France sees Notre-Dame fire as a parable for Covid-19 pandemic
The first anniversary of the cathedral blaze highlights parallels between catastrophes
Firefighters tackle a blaze at Notre-Dame cathedral in Paris, France, in April 2019. File photograph: AP Photo/Michel Euler
In human terms, the fire that destroyed much of Notre-Dame cathedral on April 15th, 2019, cannot be compared with the Covid-19 pandemic. No one died in the fire that ravaged the 800-year-old cathedral. Coronavirus has already claimed nearly 16,000 French lives.
And yet, as France marked on Wednesday the first anniversary of its previous catastrophe, nearly everyone seemed to see it as a parable for the pandemic.
Work on the cathedral halted abruptly when France went into lockdown on March 16th. President Emmanuel Macron nonetheless renewed his pledge to rebuild the monument by 2024, in a speech posted on social media. “We shall do everything to meet that deadline,” he said, promising that reconstruction work will resume as soon as possible.
“The present times demand strength of the soul,” Macron said. “If all of us care about the restoration of Notre-Dame, it is because she is the symbol of the resilience of our people, of their capacity to surmount trials.”
The Catholic daily La Croix noted that the destruction of the cathedral’s wooden roof left the sanctuary open to the elements. Likewise, the pandemic left humankind exposed. “Man is uncovered, without a roof,” the paper said.
Le Figaro’s editorial drew a parallel between the cathedral’s slow recovery and the situation post-pandemic. “Like the edifice to be rebuilt, the reorganisation of society . . . will be long, complex and filled with unforeseen events. It will demand ingenuity, patience and humility.”

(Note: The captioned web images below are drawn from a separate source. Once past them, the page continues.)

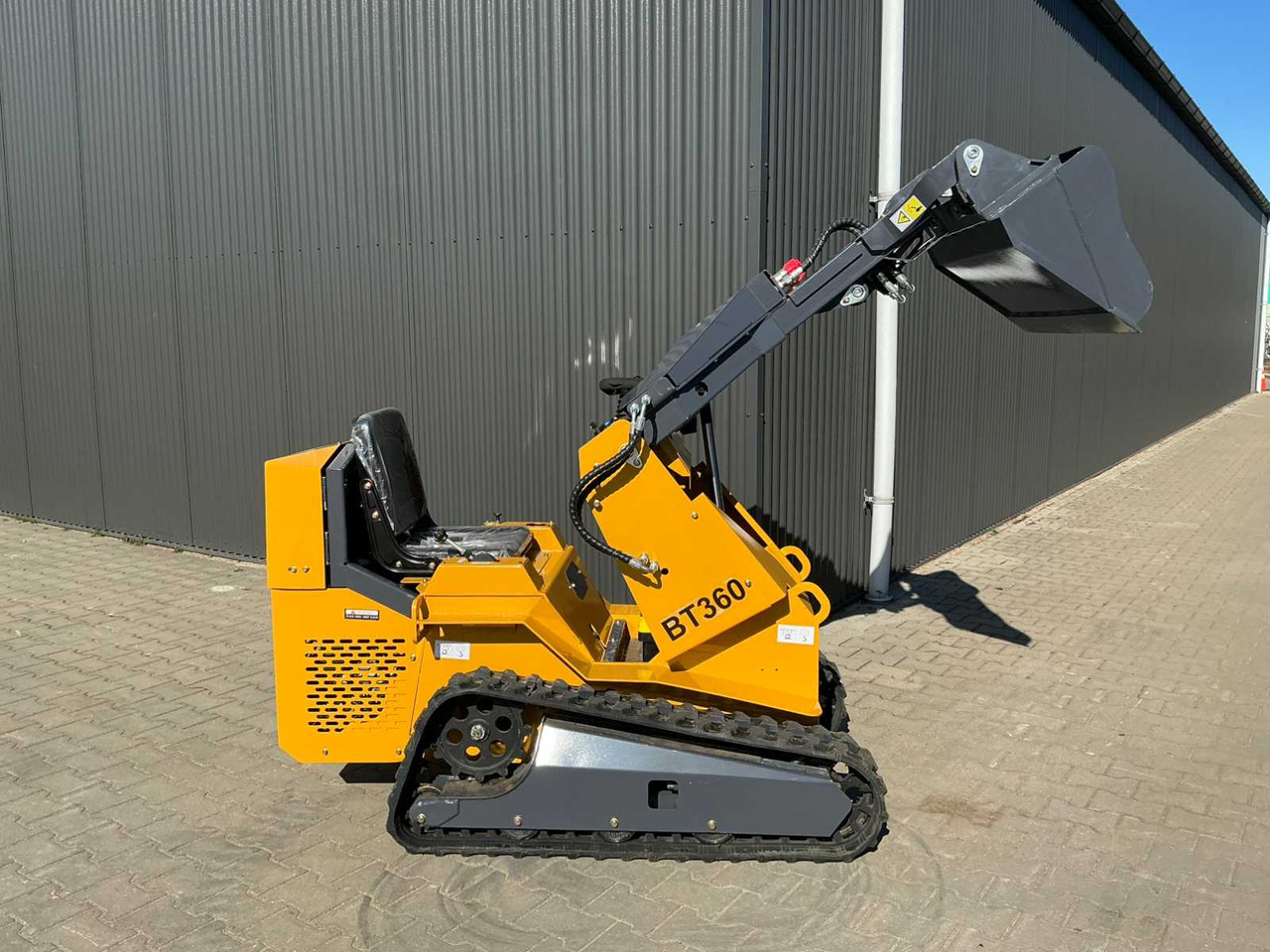 Bison Tek BT360 - Minicargadora: foto 5 Bison Tek BT360 - Minicargadora: foto 5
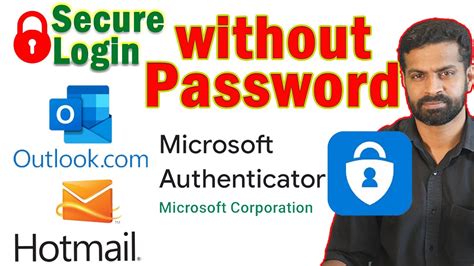How do I reset my Hotmail password without the Authenticator app?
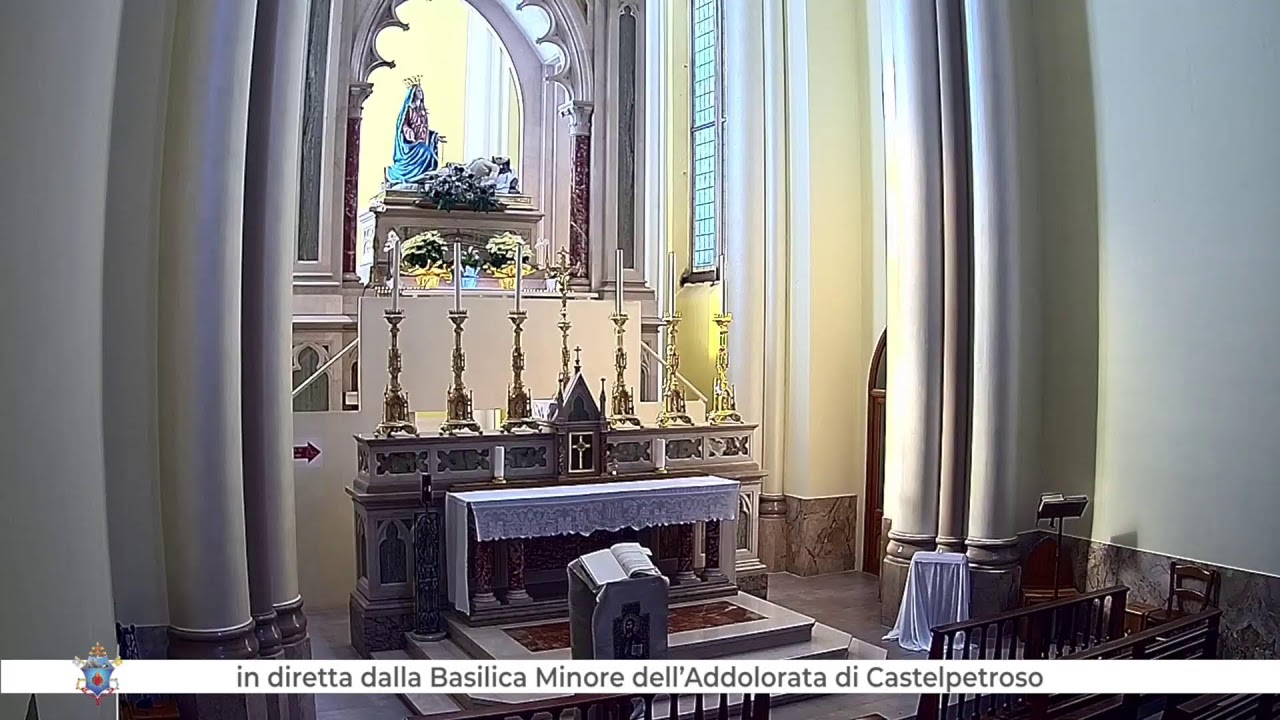 Santa Messa lunedì 2 Febbraio 2026 ore 11.30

Msgr Michel Aupetit, the archbishop of Paris, entered the cathedral to pray for the victims of Covid-19 on Good Friday. The violinist and the actor who accompanied him wore hazmat suits to protect them from lead contamination from the melted roof.
The gros bourdon, the cathedral’s 17th-century bell, was to ring at 8pm on Wednesday “in unison with the French who applaud healthcare workers at their windows”, culture minister Franck Riester said. “It will ring to show our resilience, our solidarity and our collective capacity to overcome adversity.”
Investigating magistrates have found no evidence of criminal intent, yet the fire prompted conspiracy theories about Islamic fundamentalists. Now French social media is rife with conspiracy theories portraying the pandemic as the result of germ warfare.
Philippe Villeneuve, the architect in charge of reconstructing Notre-Dame, is teleworking during the lockdown, studying the 3D model of the cathedral on his computer. About 100 electronic sensors have been placed throughout the structure to report any sign of instability.
More than 300,000 people from around the world donated sums totalling hundreds of millions of euro to restore Notre-Dame. French authorities are now paying hundreds of billions to salvage the economy.
France spent €165 million just to secure the fragile shell of the cathedral in the year following the fire. The most immediate concern was that flying buttresses would collapse and bring down the structure like a house of cards. It took three months to shore up the buttresses with 32 wooden arches weighing eight tonnes each.
Two huge tasks remain before actual renovation begins some time next year: dismantling the scaffolding that was already in place when the fire occurred, and clearing remaining rubble from above what is left of the vaulted ceiling.
Villeneuve says 40,000 tubes of now melted, twisted metal scaffolding saved the cathedral by holding it together at the time of the fire, but they also represent a threat, because the scaffolding is unstable. A ring of steel beams was clamped around it, to prevent it moving. Workers were about to begin dismantling the scaffolding when the lockdown started.
Abseilers protected from lead poisoning by hazmat suits and goggles are called “squirrels” on the site. They have cleared charred wood and other rubble from above the vaulted ceilings of the north and south transepts, but hundreds of square metres remain to be cleared above the nave.
One year ago, thousands of people watched in horror as the cathedral burned. Some wept. Some prayed. They let out a collective gasp an hour and a half after the fire started, when the spire crashed like a giant torch into the sanctuary below.
Macron created controversy by suggesting that the new spire might make “a contemporary architectural gesture”. Those involved in the project, as well as public opinion, seem to prefer an exact replica of Viollet-Leduc’s 19th-century spire.